About this exercise – Give the entries again exactly as they appear, but without the images.

□ □ □ □ □

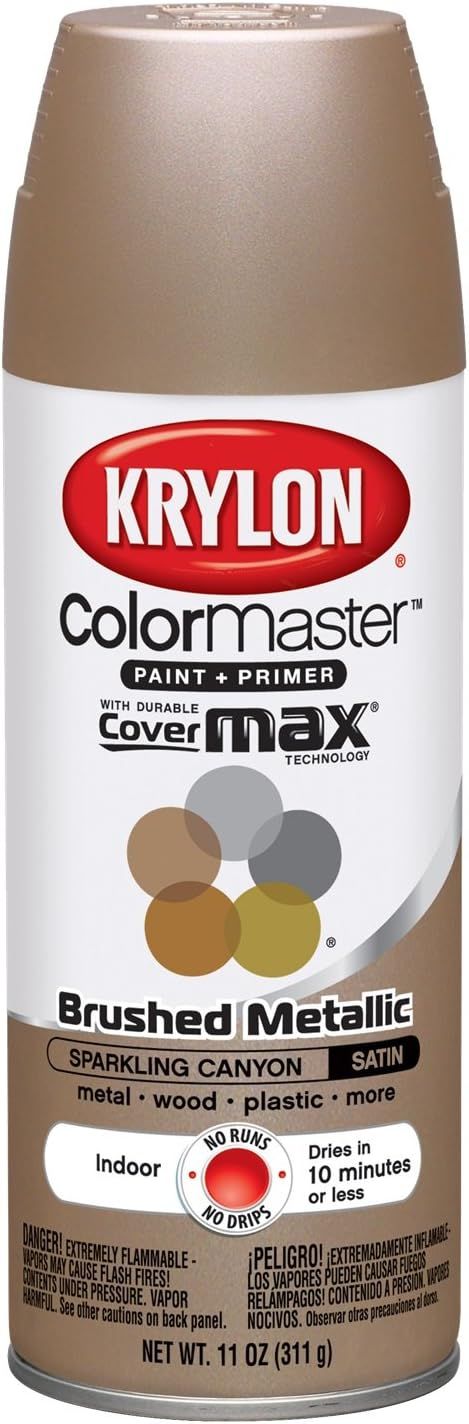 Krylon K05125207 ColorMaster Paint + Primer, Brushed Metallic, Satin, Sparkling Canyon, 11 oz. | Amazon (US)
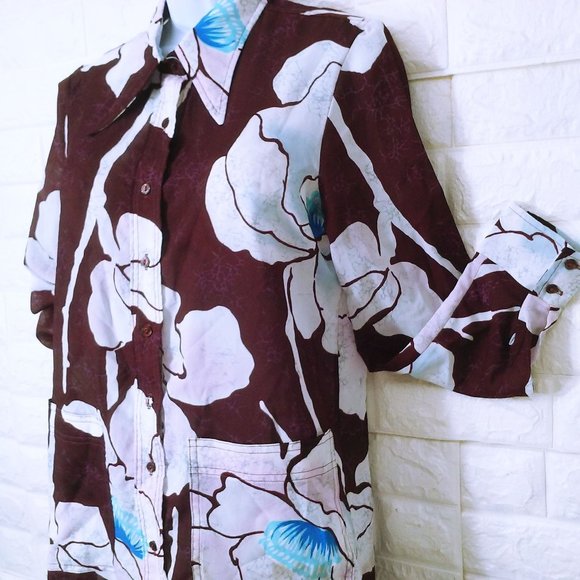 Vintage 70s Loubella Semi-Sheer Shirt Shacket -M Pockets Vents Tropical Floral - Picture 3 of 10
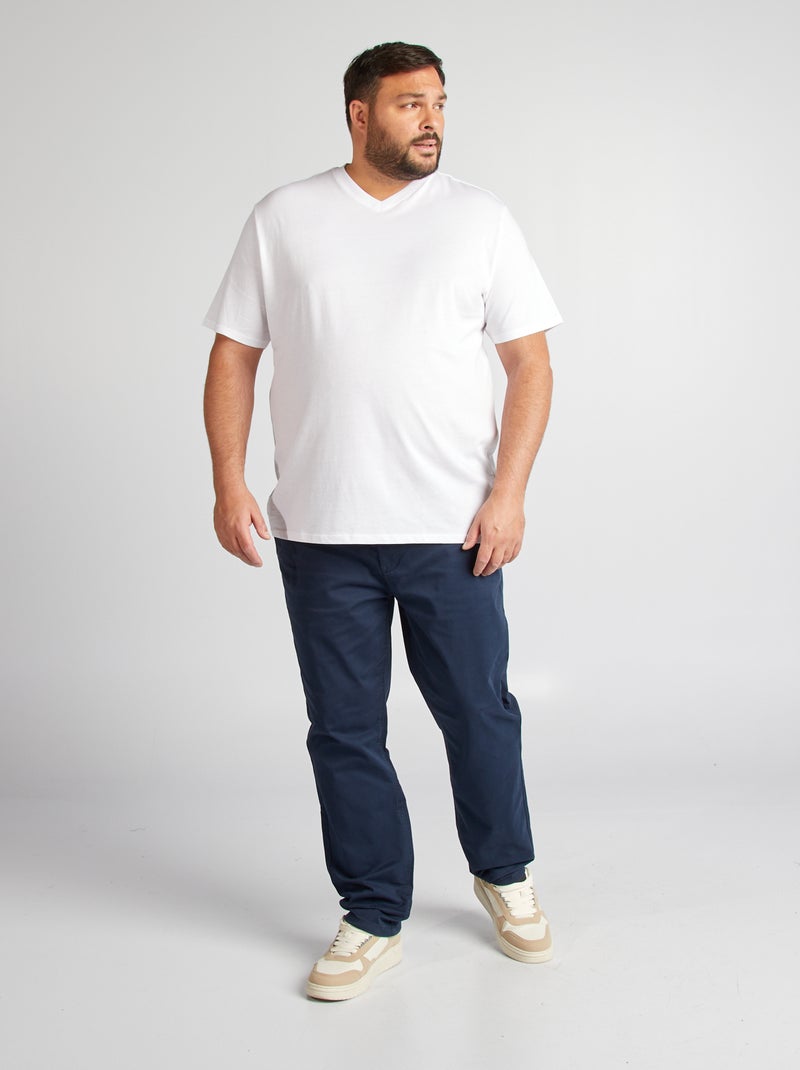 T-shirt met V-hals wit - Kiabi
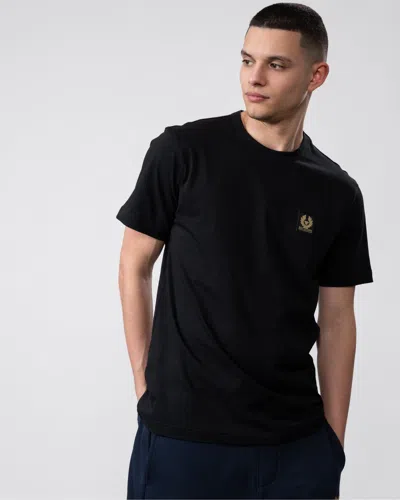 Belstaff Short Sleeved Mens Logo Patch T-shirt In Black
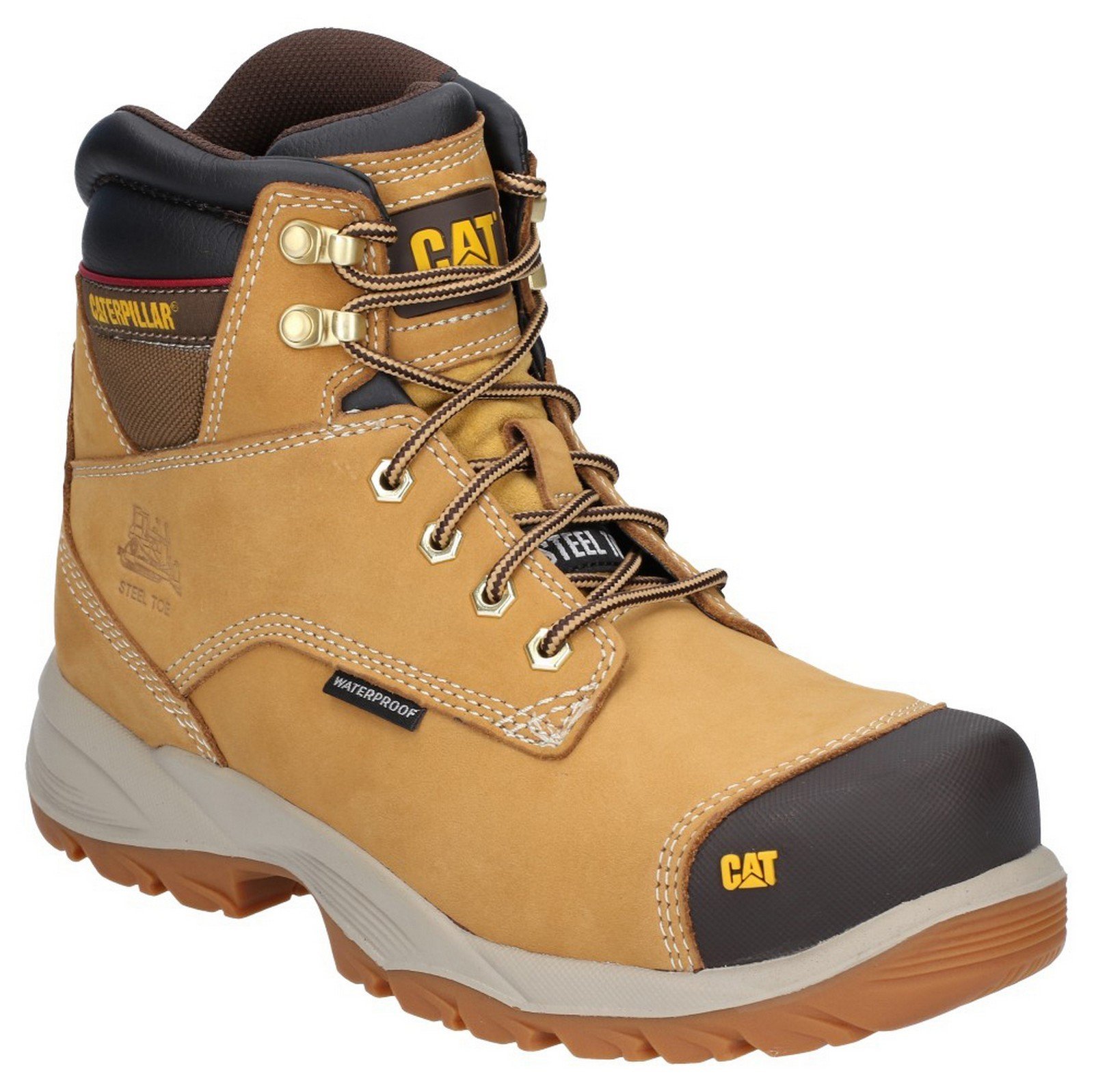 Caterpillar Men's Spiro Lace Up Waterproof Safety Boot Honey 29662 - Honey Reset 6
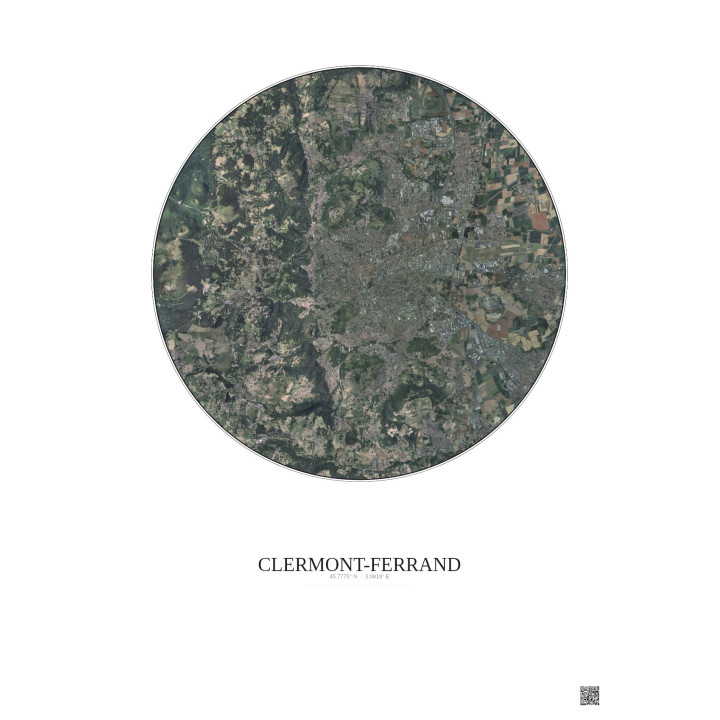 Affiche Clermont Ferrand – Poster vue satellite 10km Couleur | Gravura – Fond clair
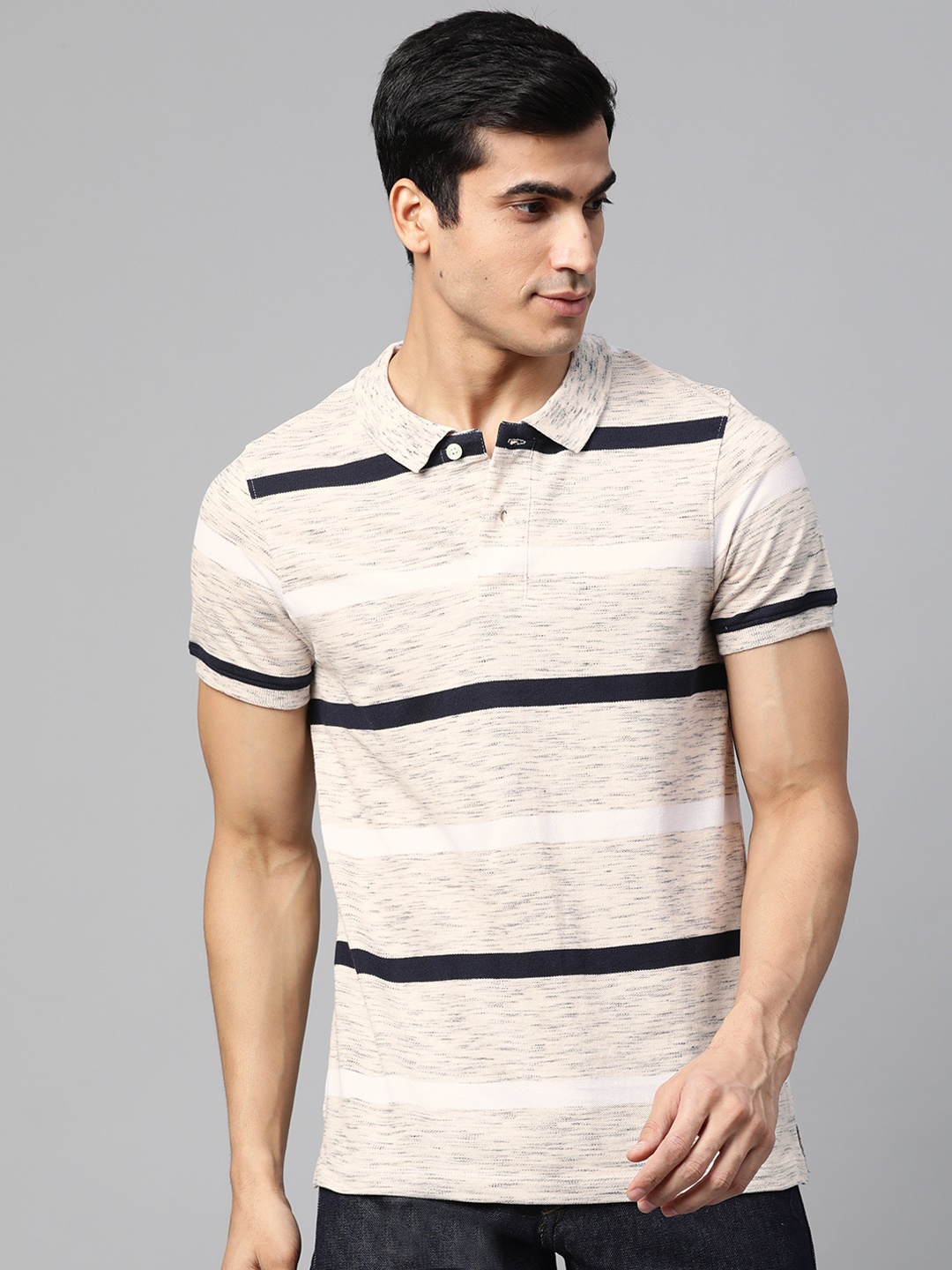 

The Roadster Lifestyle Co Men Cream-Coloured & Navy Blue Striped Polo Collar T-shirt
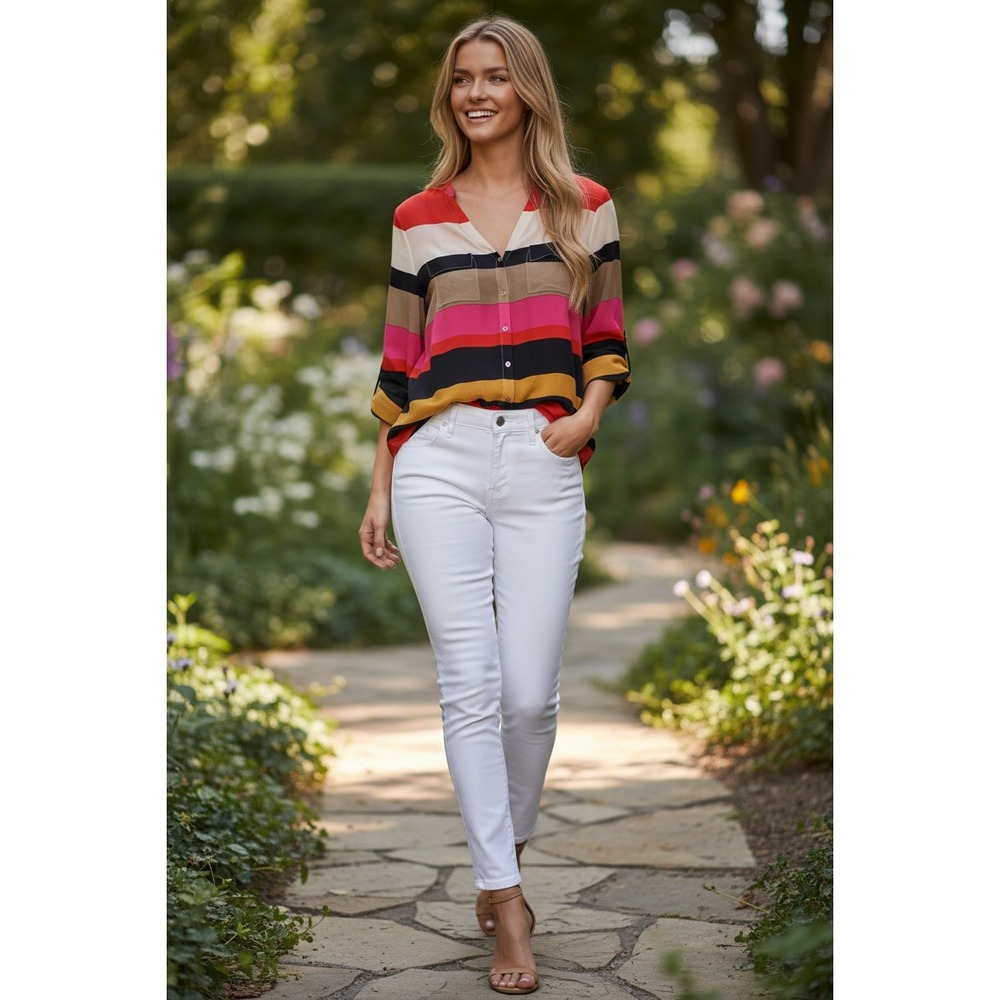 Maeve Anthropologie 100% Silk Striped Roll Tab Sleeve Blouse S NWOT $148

□ □ □ □ □

Result of this task –
 Krylon K05125207 ColorMaster Paint + Primer, Brushed Metallic, Satin, Sparkling Canyon, 11 oz. | Amazon (US)
 Vintage 70s Loubella Semi-Sheer Shirt Shacket -M Pockets Vents Tropical Floral - Picture 3 of 10
 T-shirt met V-hals wit - Kiabi
 Belstaff Short Sleeved Mens Logo Patch T-shirt In Black
 Caterpillar Men's Spiro Lace Up Waterproof Safety Boot Honey 29662 - Honey Reset 6
 Affiche Clermont Ferrand – Poster vue satellite 10km Couleur | Gravura – Fond clair

The Roadster Lifestyle Co Men Cream-Coloured & Navy Blue Striped Polo Collar T-shirt
 Maeve Anthropologie 100% Silk Striped Roll Tab Sleeve Blouse S NWOT $148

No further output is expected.